Modern science depends on an understructure of physics. Physics works presuming no preference in time or space. (Don't tell me it doesn't work, if reading this in air conditioning on an electronic computer.) In contrast, miracles introduce just such a preference. I don't mean miracle in its colloquial, "this bright spring day is a miracle" sense; rather I mean the something special happened, something we'll never see again, something we can't explain! And it happened right there, right then only - because if it's predictable, and repeatable, it's not a miracle.

Miracles are undesirable discontinuities in reality. Miracles are undesirable because they are essentially extra parts, and reality isn't made up of extra parts. Our senses may not be the best to investigate that reality but they're what we have. They might come in handy, but we can do without them; the fewer miracles informing our comprehension, the better. A miracle is a wall beyond which inquiry cannot pass.

Truth? Yes, we need buckets full of that. Eschewing miracles does not necessary imply, though it ought, a complementary compulsion towards seeking the truth. Confidence in continually improving our understanding, in appreciating the underlying unity of it all, should encourage us to avoid the easy explanation of miracles.

Dreams are different than miracles; hopes are different too. Either however, that requires a miracle will go unfulfilled.

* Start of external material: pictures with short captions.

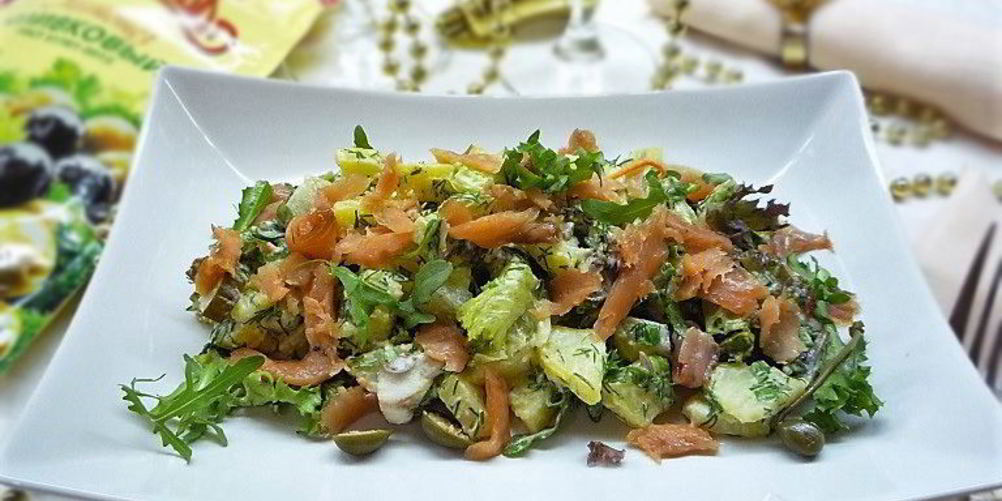 Как приготовить картофельный салат с красной рыбой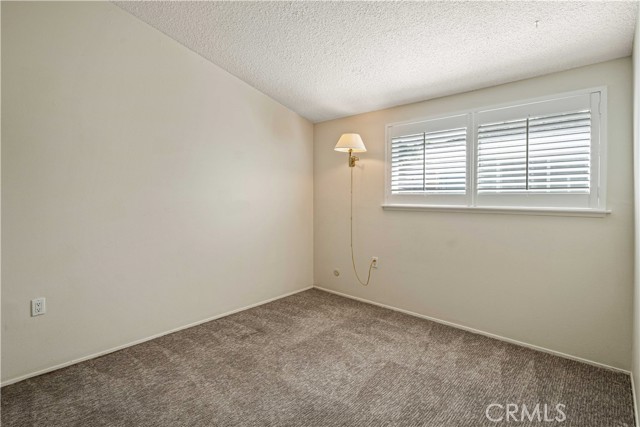 Detail Gallery Image 9 of 28 For 19144 Avenue of the Oaks #D,  Newhall,  CA 91321 - 2 Beds | 1 Baths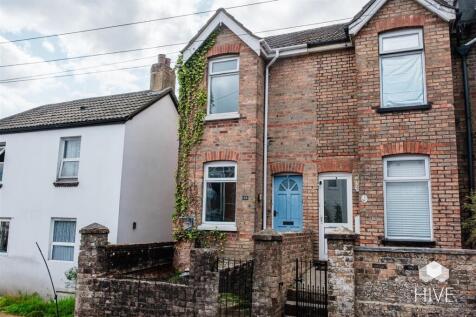 2 bedroom semi-detached house for sale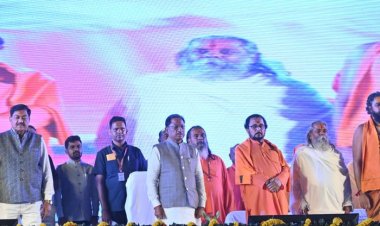 रायपुर : राजिम कुंभ कल्प समापन समारोह: मुख्यमंत्री श्री विष्णुदेव साय ने छत्तीसगढ़ की आध्यात्मिक और सांस्कृतिक विरासत को किया नमन  ...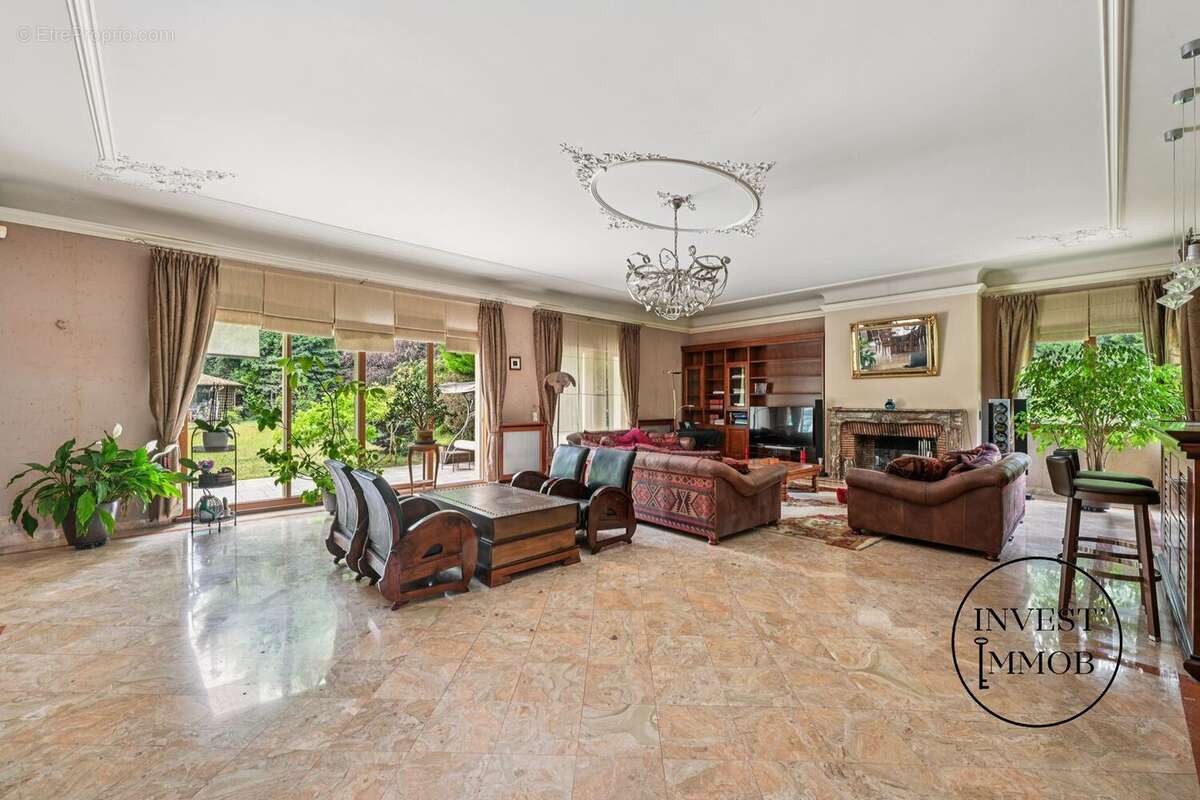 Maison à LOUVECIENNES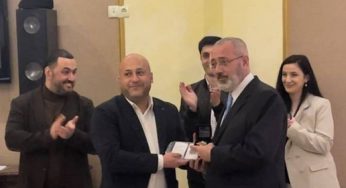 В Одессе наградили армянского дипломата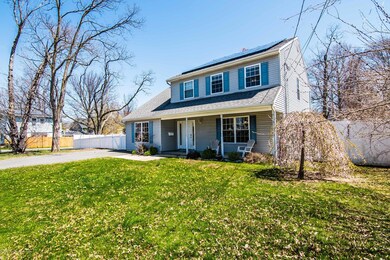 1004 Shore Rd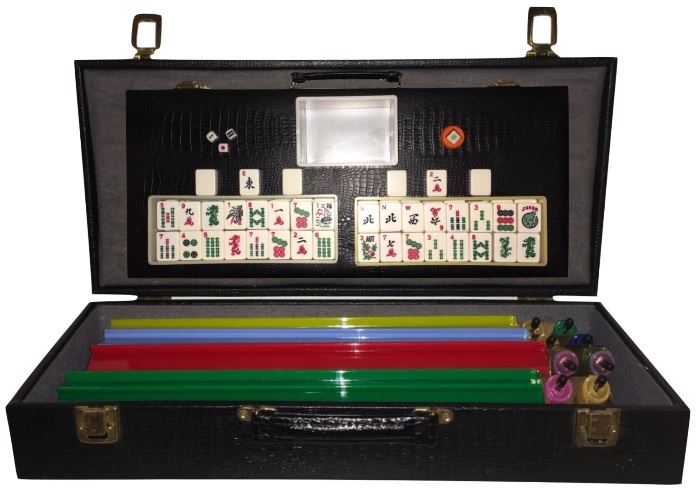 Mahjonng set with Bakelite tiles and faux black alligator or croc embossed case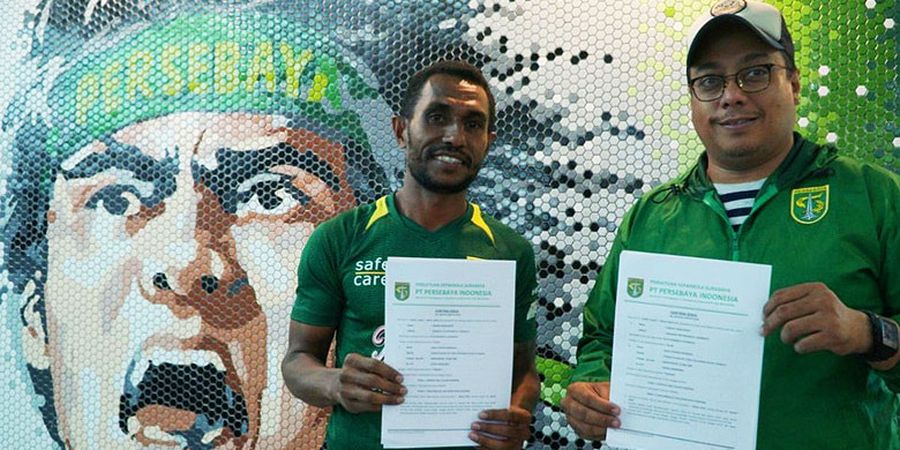 Mantan Persipura Kembali Berlabuh ke Persebaya Surabaya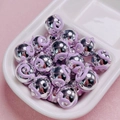 Detalle de cuentas plateadas con esmalte morado y perlas para accesorios de joyería - 16mm / Púrpura plateado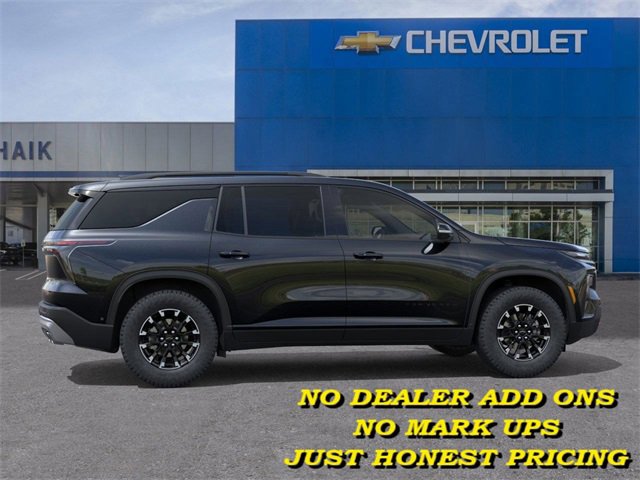 2026 Chevrolet Traverse Z71 photo 3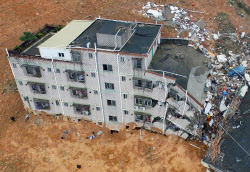 中国・深圳の土砂崩れ、残土の山積み原因か 100メートル近い高さ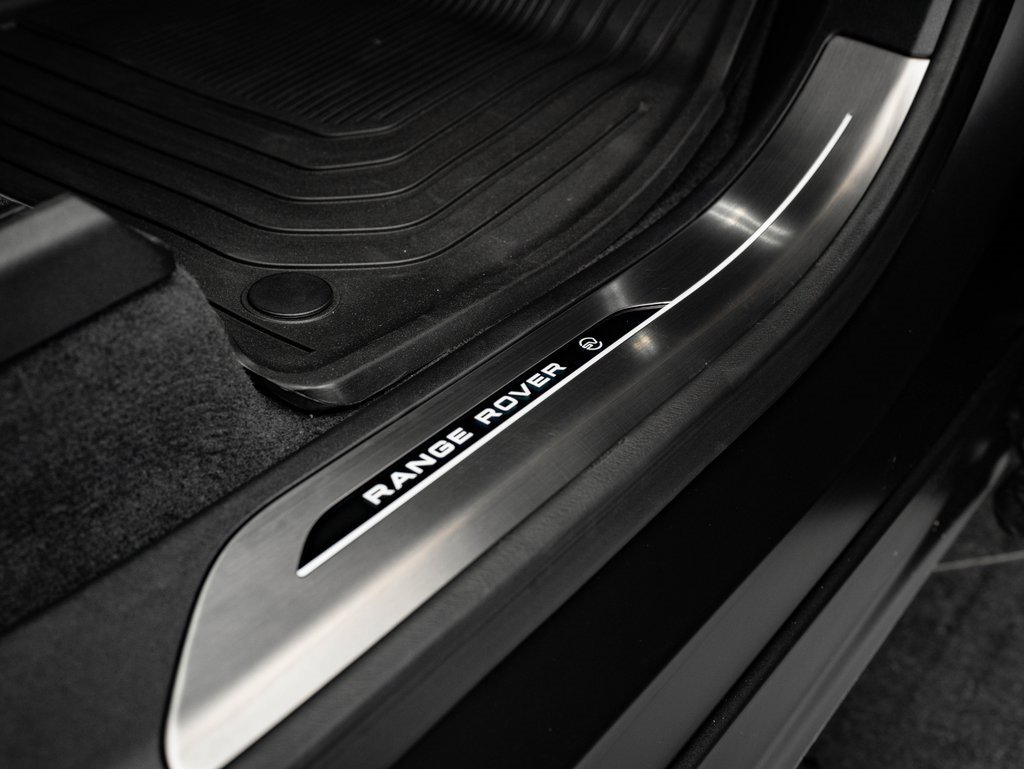New 2026 Land Rover Range Rover Sport SV image 45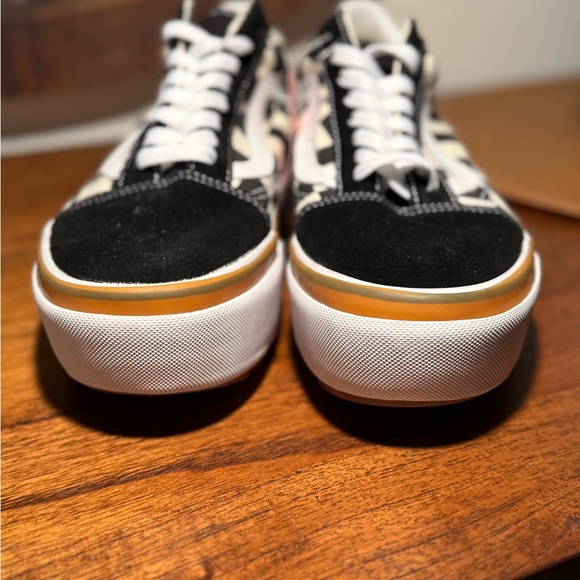NWT Vans Checkerboard Stacked Platform Old Skool lace up shoe - Picture 3 of 6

We've come, sensibly, to prefer reality to dreams. Mankind has no more need for miracles; "we find the one, quite adequate." That miracle includes the word that there are to be no more messengers. But does that exclude the possibility of subsequent messages? The word is that, seeking peace, every nation (language?) receives a message. Is Star Trek such in English? The iconoclastic Great Bird never assumed the airs of a miraculous messenger, yet a message emerged which inconceivably would have occurred without him. That doesn't make him a miracle worker.

The realization of our dreams by our own hands will satisfy us sweeter if we haven't counted on the necessity of a miracle. The plaintive demise of Trek on the screen should mean nothing. "He's not really gone, so long as we remember him." Similarly the message is not really gone, so long as we remember it. It becomes its own challenge, its own test: that should it not persevere, it really wasn't a message. Does that make it far less than a miracle, or actually more? The paradox of the miracle in life, is that the best miracle is no miracle at all.